One of the greatest drummers of all time died this weekend at age 90. His name was Hal Blaine, and even if that doesn’t ring a bell, you certainly know some of the 35,000 songs he played on — including 50 number one hits and over 150 top ten hits, some of which you’ll hear in the video embedded above — as part of The Wrecking Crew, a legendary group of Los Angeles studio musicians.

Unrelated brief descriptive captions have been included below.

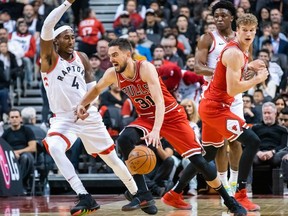 Chicago Bulls guard Tomas Satoransky moves the ball against Toronto Raptors forward Rondae Hollis-Jefferson during the first half at Scotiabank Arena.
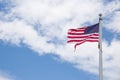 Weathered American flag on a pole with blue sky background. Old flag, flapping in the wind on pole. Fourth of July Royalty Free Stock Photo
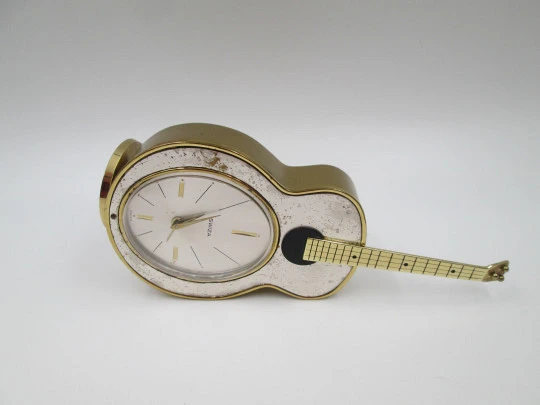 Reloj musical Swiza. Cuerda manual. Bronce. Forma guitarra. 1970 Reloj musical Swiza. Cuerda manual. Bronce. Forma guitarra. 1970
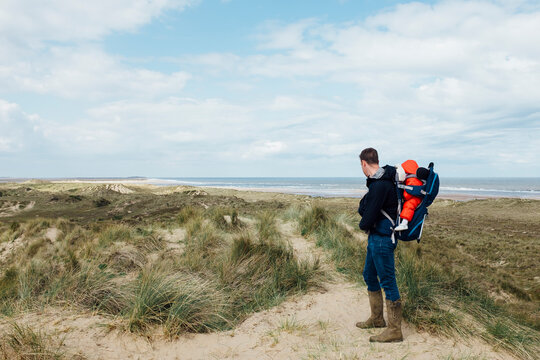 Young father walking on the coast with his daughter in a baby carrier backpack. Norfolk, UK.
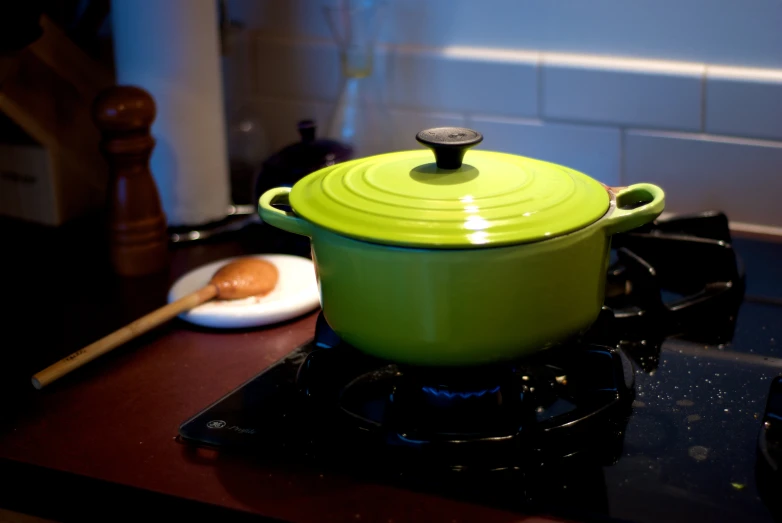 a green pot with spoon on top of a stove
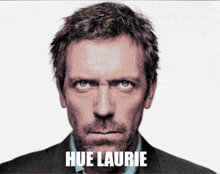 a close up of a man 's face with the words hue laurie below it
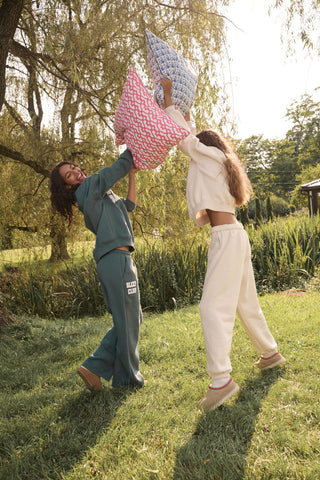 Deep teal wide-leg Sleep Club Mimi Sweatpants in Dream Fleece with an elastic drawstring waist and SLEEP CLUB printed on the right hip.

I wrote about their accomplishments seven years ago after reading Kent Hartman’s book about them, which included this story about some out-of-the-ordinary percussion work Blaine did on Simon and Garfunkel’s “Bridge Over Troubled Water” away from his drum kit:

Blaine stepped out to his car and brought in a set of snow chains from his trunk. Spending the next few hours on his knees in an old microphone storage room, Blaine alternately slammed the heavy-duty galvanized steel links onto the cement floor while being remotely recorded. Drag on one, smack on two, drag on three, smack on four. The brilliant maneuver ended up being incorporated as a dramatic percussion element from the song’s third verse all the way through to its epic conclusion.

Think about that next time you listen to the song.

If you want to know more about the contributions Blaine and his ultra-talented colleagues made to popular music over four decades, check out the Wrecking Crew documentary I wrote about in 2015, which is now streaming on Netflix.